Got home a bit ago after driving 16 hours from San Antonio. Trip was relatively uneventful and the weather was fairly decent after some early rain in Texas, late rain in Missouri. Clear enough to know when I was at my closest to the Western White House, and performed a little symbolic gesture signifying the level of my respect when I passed.
Trip was educational and enlightening, but will be the last solo cross-country trip I do. Without sharing the driving responsibilities with another, after a while the stress builds up and you can’t relax, even when there’s nothing to stress about. And when unusual events happen, you can overreact.
Tonight, coming over one of the passes in the dark and the rain in Missouri, I rounded a corner to be met by braked cars. I slammed on my brakes and hit my emergency signal, and then spotted the cause of the halt — a sports car was by the side of the road, completely engulfed in flames. No matter how much you see it on TV, in real life the effect of a burning car up close is a lot more of an impact, and a lot less entertaining.
(I imagine the same can be said of war.)
The fire department was there, but far back from the car.

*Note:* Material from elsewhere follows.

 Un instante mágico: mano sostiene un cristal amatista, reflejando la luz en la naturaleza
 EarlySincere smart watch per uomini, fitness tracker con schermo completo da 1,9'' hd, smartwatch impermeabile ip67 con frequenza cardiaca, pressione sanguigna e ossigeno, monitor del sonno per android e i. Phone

There was little they could do without shutting down the highway, and little that could be salvaged in the car. As for the tank exploding, that’s a pretty common myth about cars burning — cars rarely explode, I’ve been told.
However, if there had been police there, I have no doubts that the line of us that formed to inch past the car would not have been allowed when it was in full flame. I could feel the intense heat as we passed — this couldn’t have been the appropriate thing to do. Or maybe it is.
I saw three young men talking to one of the firemen, and am assuming they were from the car and no one was killed. Regardless though, you will think less of me when I say that not long after passing the car, I pulled over myself and for some reason started crying, and couldn’t stop for 30 minutes.
I do not cry that easily, I truly don’t. I think it was the shock of the car and the horror of the moment when I looked in the flames and thought that they might have engulfed people. And I’m tired. And a wuss.
Now, if I were a journalist I would have pulled over, grabbed my cameras and got some great pictures and possibly even sold one or two. But I’m not a journalist; only a writer of words and taker of an occasional picture, glad she’s home, and swearing that she will no long go on these solo cross-country trips.
And that she’s going to buy a fire extinguisher for her car.